The White River winds through northwest Arkansas.
KSMU
The White River winds through northwest Arkansas.
The White River winds through northwest Arkansas.
Credit KSMU
The White River winds through northwest Arkansas.

In this segment of These Ozarks Hills on KSMU, longtime Ozarks storyteller Marideth Sisco ponders whether the days pre-coronavirus are really what we should aspire to return to. 

You can hear the audio segment here: Listen to Marideth Sisco's audio essay here.

This is Marideth Sisco for These Ozarks Hills. That was some storm the other night, wasn’t it? I was sitting in my little cubby with bedroom and bathroom doors shut tight, keeping me and my dog away from windows, not chancing the basement because the stairs are steep and both I and my dog are getting more rickety by the day. And I was thinking. Not about the whistling wind, nor the hail hitting the roof. But about music. About its soothing effects amid times of turmoil. Actually I was thinking about Dave Brubeck.
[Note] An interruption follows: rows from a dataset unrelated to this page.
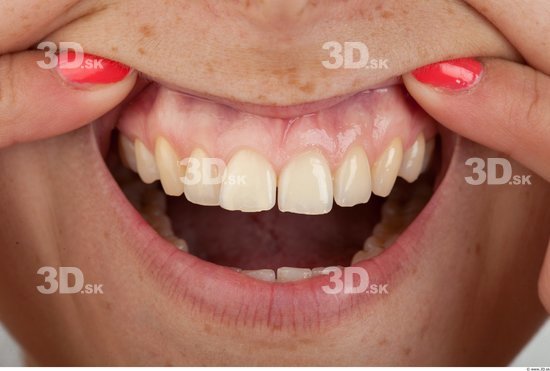 Teeth Slim Studio photo references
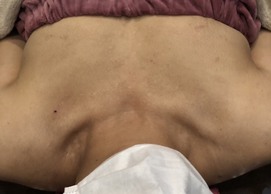 ミラクルバスト施術 40代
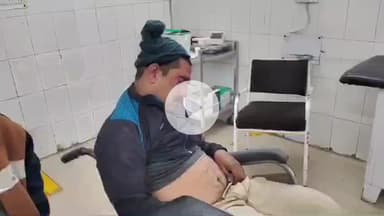 इटावा: सिविल लाइन इलाके में सड़क दुर्घटना में घायल हुए सिपाही को पुलिस ने इलाज के लिए अस्पताल पहुंचाया, इलाज जारी है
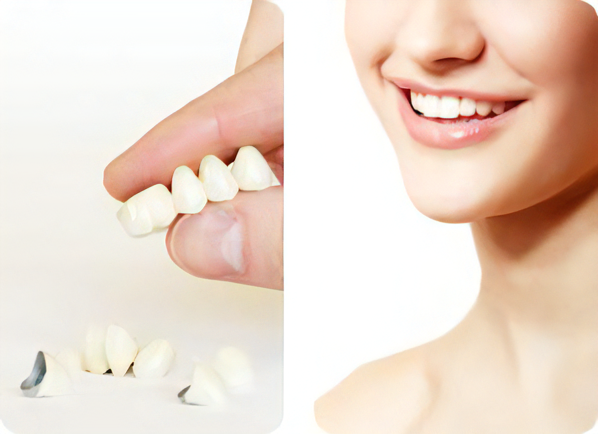 審美歯科治療を提供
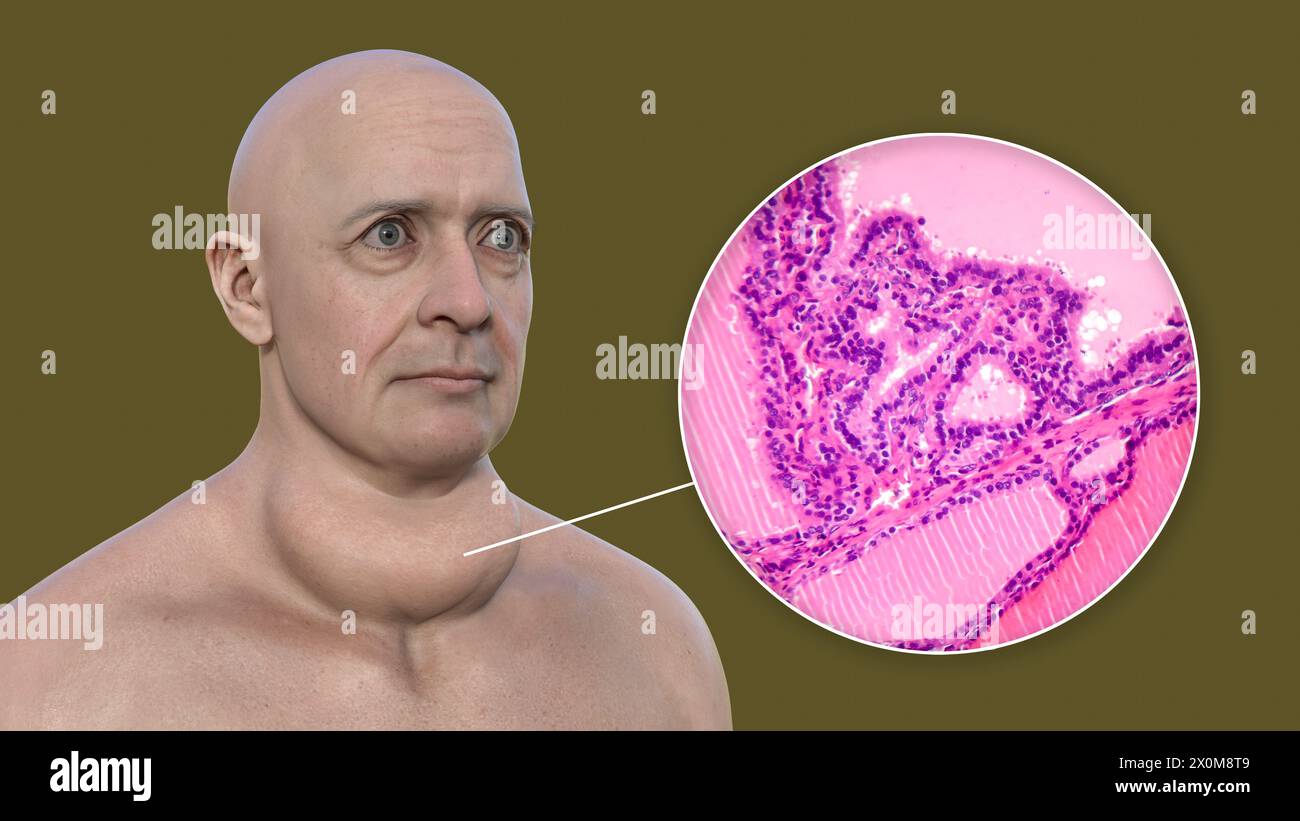 3D-Illustration eines Mannes mit einer toxischen Struma (vergrößerte Schilddrüse, Nackenbasis) und einer Nahaufnahme des betroffenen Schilddrüsengewebes. Eine Struma gilt als toxisch, wenn die vergrößerte Schilddrüse ebenfalls übermäßiges Schilddrüsenhormon produziert. Stockfoto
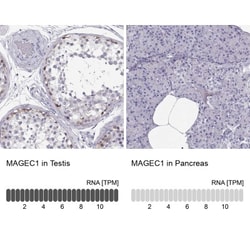 MAGEC1 Antibody, Novus Biologicals:Antibodies:Primary Antibodies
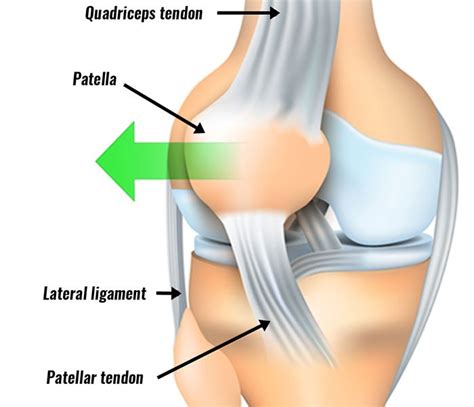 Acute Kneecap Dislocation Carolinas Pain Center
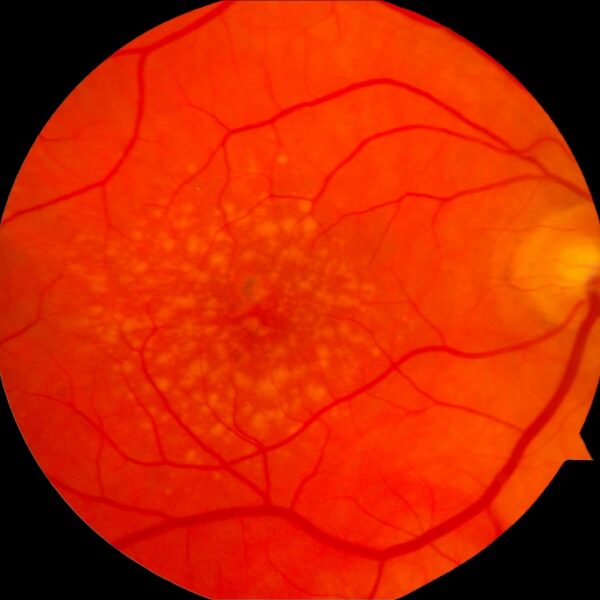 Photograph of a macula (the highly sensitive center of the retina) with intermediate age-related macular degeneration.
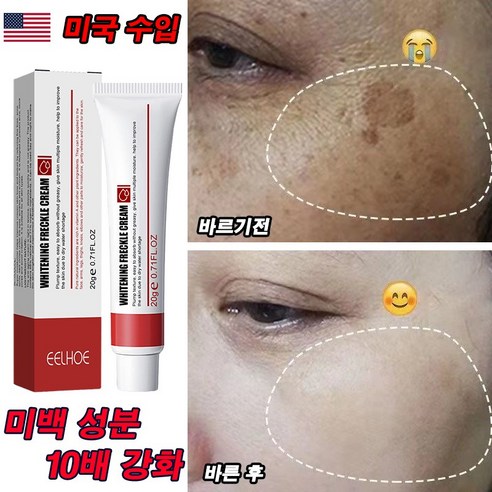 [국내당일출고] 1/1+1 기미 잡티 케어 미백 크림 주근깨 제거 검버섯 기능성 크림 20g/효과보장!!!, 1개(1+1아님!!!)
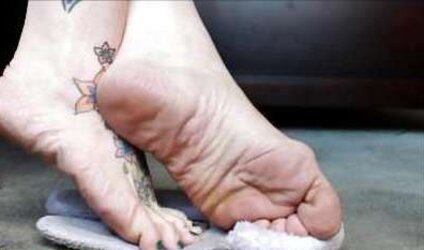 Puckered feet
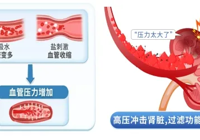 【世界腎髒日】武（wǔ）寧縣總醫院人民醫院院區腎內風濕（shī）內分泌科：您（nín）的腎（shèn）髒健康嗎？早檢查，保健康（kāng）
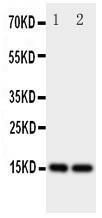 Anti-Fatty Acid Binding Protein 5 Rabbit Polyclonal Antibody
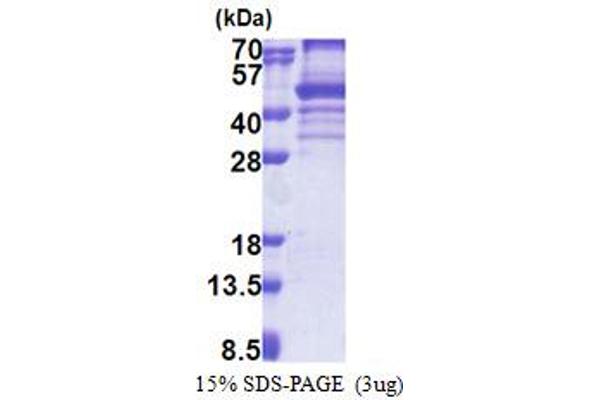 EBNA1BP2 Protein (AA 1-306) (His tag)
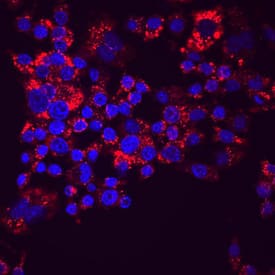 LAMP1/CD107a was detected in immersion fixed RAW 264.7 mouse monocyte/macrophage cell line using Rat Anti-Mouse LAMP1/CD107a Monoclonal Antibody (Catalog # MAB4320) at 10 µg/mL for 3 hours at room temperature. Cells were stained using the NorthernLights™ 557-conjugated Anti-Rat IgG Secondary Antibody (red; Catalog # NL013) and counterstained with DAPI (blue). Specific staining was localized to cytoplasm. View our protocol for Fluorescent ICC Staining of Cells on Coverslips.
The Brubeck Quartet was still popular in the wake of their hit single “Take Five” when they performed at a town nearby, and I went to see them. I don’t remember the town or the year – somewhere in the mid 70s, I’d guess.

All I remember is the storm that accompanied them, and the size of the crowd that turned out in spite of the weather. It was a full house. And the concert was not in a theater or concert hall. It was more like a gymnasium, with tiered seating and tall windows between the seating and roof, so that as the storm approached, we were treated to an impressive light show.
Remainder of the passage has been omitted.